Антон тихонько качал Машу на качелях, которые стояли на детской площадке перед домом, где она жила. Она сидела грустная и задумчивая. И эта грусть постепенно передалась и Антону.

– У вас, наверное, вечером торжество, торт со свечами…

У Маши слезы навернулись на глаза. Антон сделал вид, что не заметил, и резко сменил тему:

– А я читаю тут вашего Ананьева и через страницу засыпаю! Разве это литература? У нас что, писать разучились? Ну скажите мне, Мариванна? Есть какая-нибудь книга, которую, хоть с натяжкой, можно было бы сравнить с Толстым? Последнее, что поразило, был «Один день Ивана Денисовича» и «Матренин двор» Солженицына! А так хочется чего-то сильного и настоящего! Правдивого, пронзительного.

– Очень хочется? – грустно спросила Маша.

Антон не ответил, просто кивнул. Тогда она вдруг загадочно улыбнулась, резко соскочила с качелей и побежала к подъезду. Антон так и остался на месте, вцепившись в качели.

– Мариванна, вы куда? – окликнул он. – Вы что, опять обиделись?..

Маша остановилась у подъезда, обернулась к нему и крикнула одно слово:

– Подожди!

И после этого забежала в подъезд. Антон, удивленно хмыкнув, остался ее ждать. Такое ясное с утра небо вдруг потемнело, подул, поднимая пыль, сильный холодный ветер, и, озябнув, Антон подпрыгнул, повис на турнике. Хотел отжаться, но ни разу не получилось. Он погрустнел, тяжело вздохнул.

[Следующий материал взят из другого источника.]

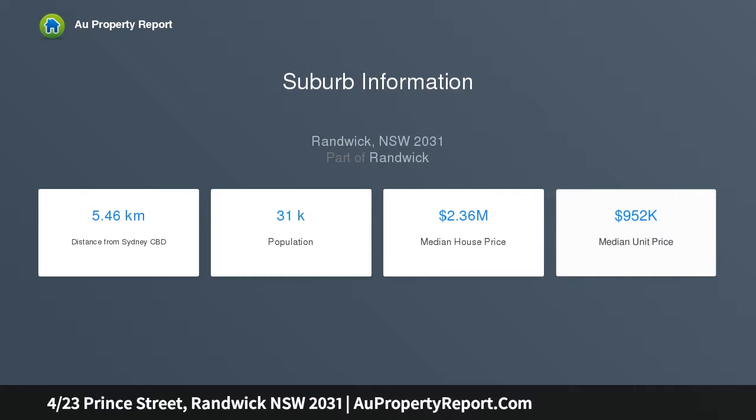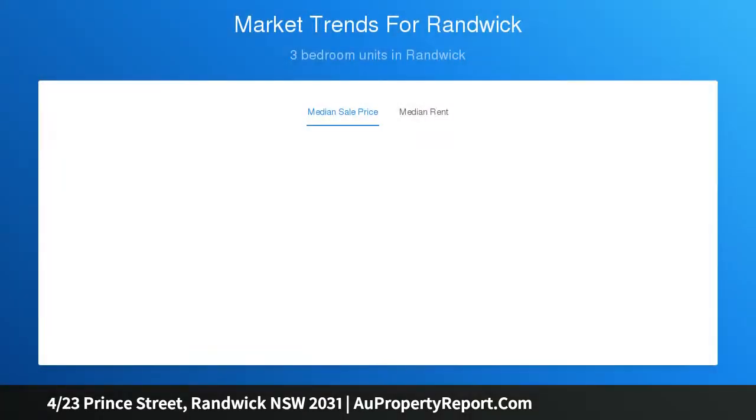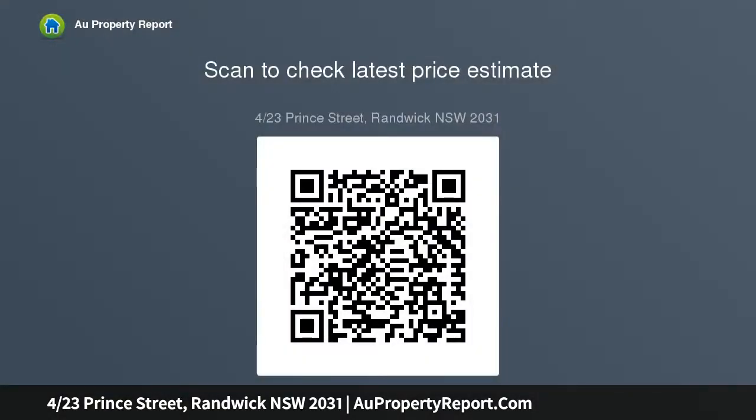Small security block of six apartments, three generous bedrooms, timber flooring in living and plantation shutters throughout, large living, dining area leading out to a sunny east-facing balcony, contemporary kitchen with stainless steel appliances and dishwasher, renovated tiled bathroom with bath shower, additional separate toilet, well-scaled bedrooms appointed with wool thin robes, ceiling fans, internal laundry.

– Совсем форму потерял, – с досадой констатировал он.

Через несколько минут Маша вернулась, принесла книгу, завернутую в газету, сама показала первую страницу. Антон увидел название: «Август 14-го». Это Солженицын! У него округлились глаза, он недоуменно взглянул на Машу. Она приложила палец к губам.

– Только молчок! Ничего не говори, иди домой, даю на два дня! Никому не давать, никому ничего не говорить! Умеешь тайны хранить?

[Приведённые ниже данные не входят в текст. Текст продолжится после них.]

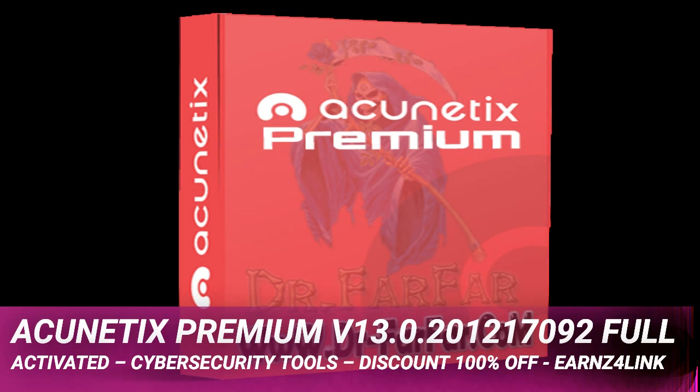Acunetix Premium is a multi-user solution with both horizontal and vertical access rights management. You can control access per target and per function using admin, tester, and auditor roles.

Он кивнул. Маша продолжила:

– Я надеюсь, что это так! Иди, читай настоящее и не грусти! Я рада сделать для тебя что-то хорошее!

И Маша, не говоря больше ни слова, развернулась и ушла в подъезд.

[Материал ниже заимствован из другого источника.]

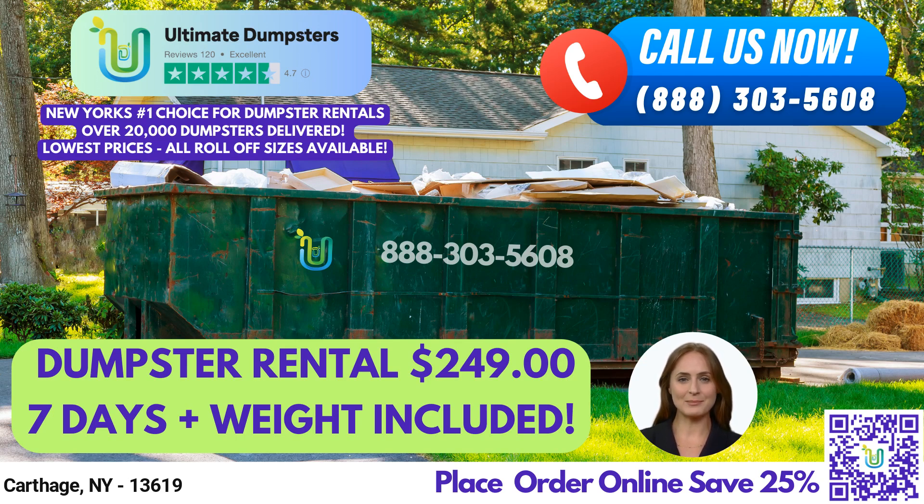For those who are curious about the dimensions of our dumpsters, a 10-yard dumpster is approximately 12 feet long, 8 feet wide, and 4 feet high. A 20-yard dumpster is about 22 feet long, 8 feet wide, and 4.5 feet high.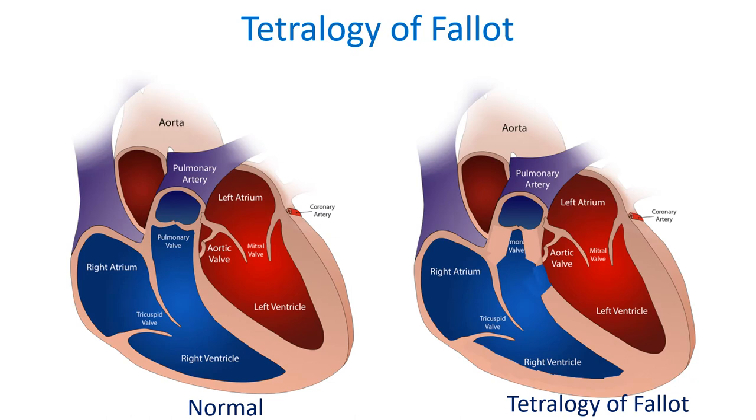Why are cyanotic spells called TET spells? It is called TET spell because it is common in a disease called Tetralogy of Fallot. Tetralogy of Fallot is a combination of four birth defects of the heart. The first defect is a defect in the wall between the two lower chambers of the heart, called ventricular septal defect.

Скачко первым зашел в кабинет, за ним проследовал Боков. Скачко тут же стал набирать номер телефона. По всему было видно, что он нервничает, к тому же с первого раза сорвался номер, и пришлось перенабирать. Он долго слушал протяжные гудки, потом с грохотом бросил трубку. Затем, словно от этого несостоявшегося разговора по телефону зависело все в его жизни, набросился на Бокова:

– Култаков требует от нас план следственных мероприятий по Беркутову. Через два часа жду тебя с планом!

– Это что, теперь наш профиль? – не без иронии спросил майор, и Скачко ожег его резким взглядом.

– Слушай… ты тут не умничай, – начал было отчитывать его полковник, но Боков тут же поспешил исправиться:

– Простите, товарищ полковник, больше не повторится! Разрешите идти выполнять приказание?!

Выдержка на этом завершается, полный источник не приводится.